(Saved entries)
::::

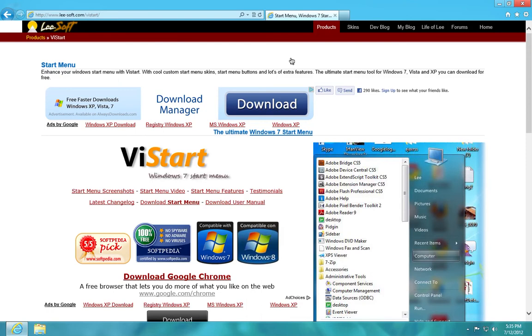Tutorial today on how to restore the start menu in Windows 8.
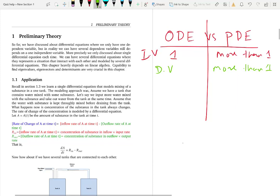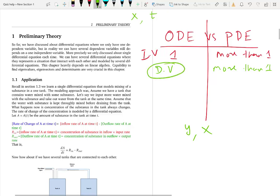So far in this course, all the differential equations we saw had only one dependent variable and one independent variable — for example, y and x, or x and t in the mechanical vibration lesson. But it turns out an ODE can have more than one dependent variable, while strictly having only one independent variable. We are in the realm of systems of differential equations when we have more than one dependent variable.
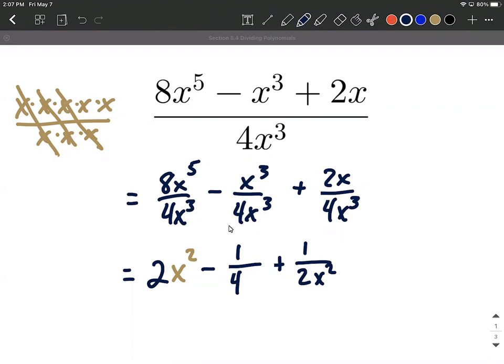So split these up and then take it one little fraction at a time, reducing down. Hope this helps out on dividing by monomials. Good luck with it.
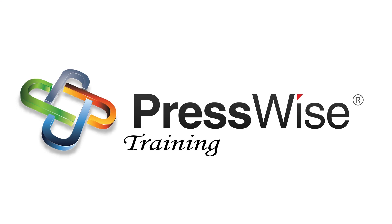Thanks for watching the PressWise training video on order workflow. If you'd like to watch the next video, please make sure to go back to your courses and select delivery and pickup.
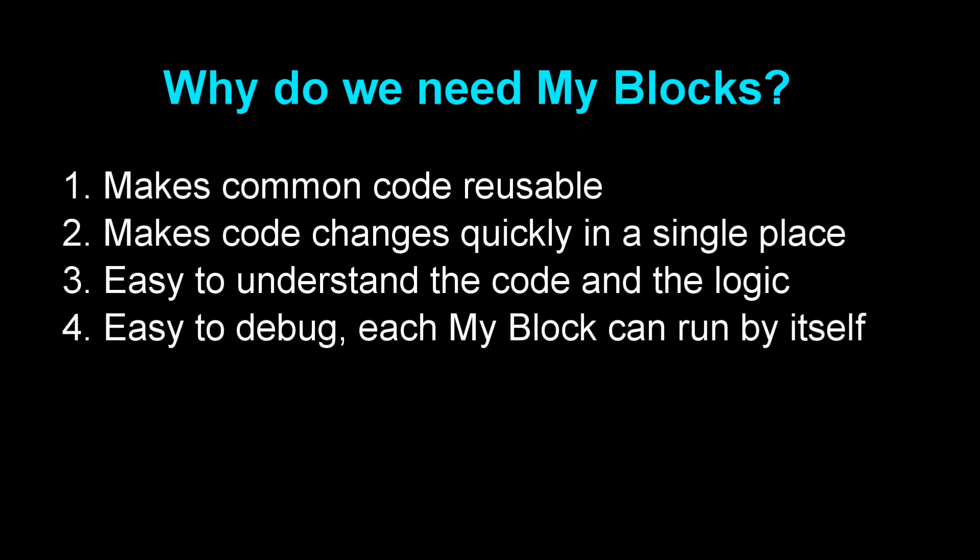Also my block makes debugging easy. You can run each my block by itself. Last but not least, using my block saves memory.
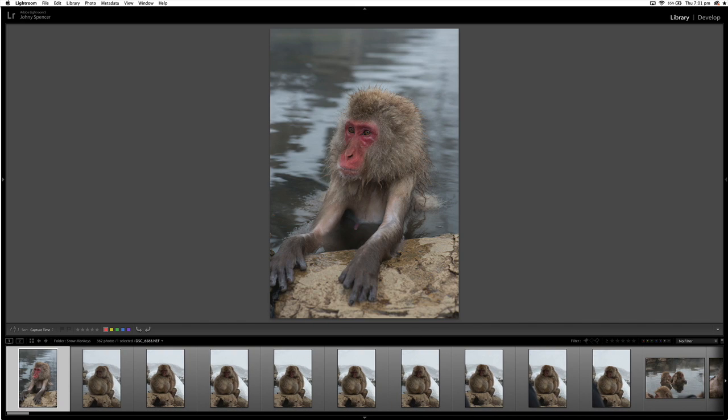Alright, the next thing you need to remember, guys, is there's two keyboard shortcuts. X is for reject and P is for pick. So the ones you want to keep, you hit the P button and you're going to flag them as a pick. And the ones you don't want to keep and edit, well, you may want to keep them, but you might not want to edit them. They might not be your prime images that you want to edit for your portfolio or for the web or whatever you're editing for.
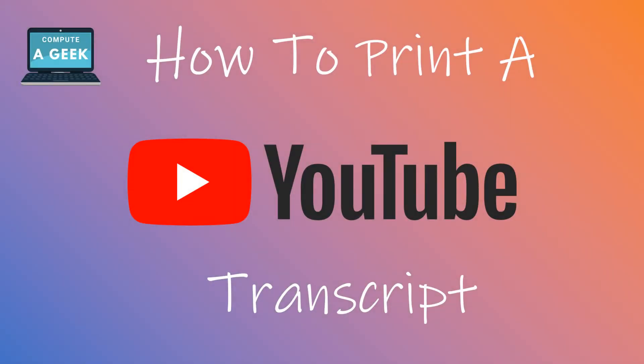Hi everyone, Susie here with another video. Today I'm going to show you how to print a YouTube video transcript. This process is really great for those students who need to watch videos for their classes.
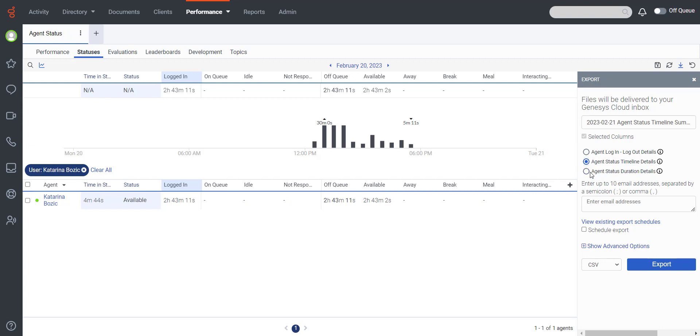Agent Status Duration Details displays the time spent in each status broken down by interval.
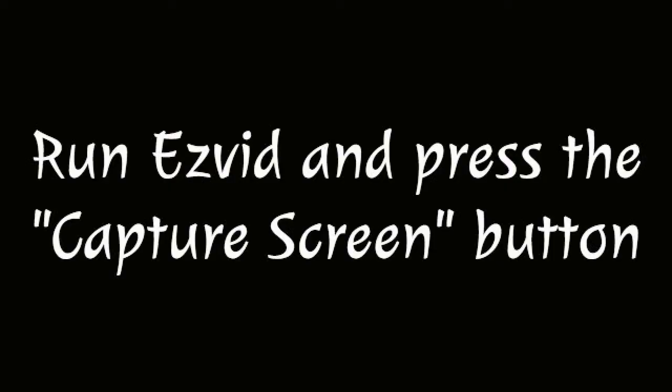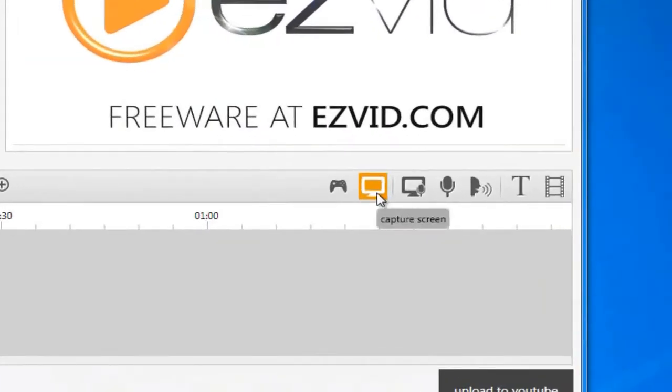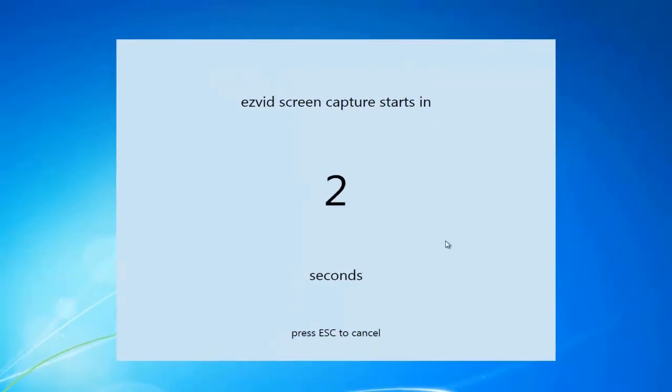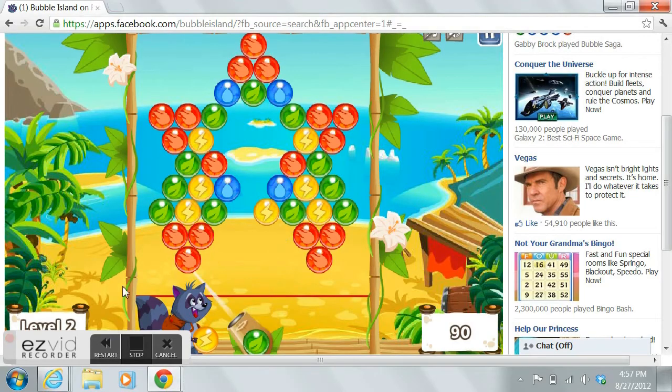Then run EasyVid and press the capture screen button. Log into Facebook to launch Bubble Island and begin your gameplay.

::::

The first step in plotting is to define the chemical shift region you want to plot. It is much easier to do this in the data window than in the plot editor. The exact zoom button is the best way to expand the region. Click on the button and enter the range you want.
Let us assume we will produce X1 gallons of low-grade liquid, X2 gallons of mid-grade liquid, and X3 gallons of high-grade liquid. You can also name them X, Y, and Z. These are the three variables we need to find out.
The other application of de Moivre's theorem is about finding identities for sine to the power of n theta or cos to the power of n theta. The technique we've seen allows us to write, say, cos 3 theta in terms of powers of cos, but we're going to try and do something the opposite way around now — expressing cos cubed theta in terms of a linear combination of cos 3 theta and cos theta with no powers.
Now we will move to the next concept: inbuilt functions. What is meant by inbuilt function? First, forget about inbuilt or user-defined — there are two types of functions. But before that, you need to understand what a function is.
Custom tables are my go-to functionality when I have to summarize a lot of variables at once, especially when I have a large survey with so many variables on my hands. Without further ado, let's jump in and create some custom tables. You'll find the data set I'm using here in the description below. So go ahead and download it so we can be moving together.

::::

=== INSTRUCTIONS FOR THE TASK ===
Go through the data and return each line where the word "variables" appears.

=== SOLUTION ===
Let us assume we will produce X1 gallons of low-grade liquid, X2 gallons of mid-grade liquid, and X3 gallons of high-grade liquid. You can also name them X, Y, and Z. These are the three variables we need to find out.
Custom tables are my go-to functionality when I have to summarize a lot of variables at once, especially when I have a large survey with so many variables on my hands. Without further ado, let's jump in and create some custom tables. You'll find the data set I'm using here in the description below. So go ahead and download it so we can be moving together.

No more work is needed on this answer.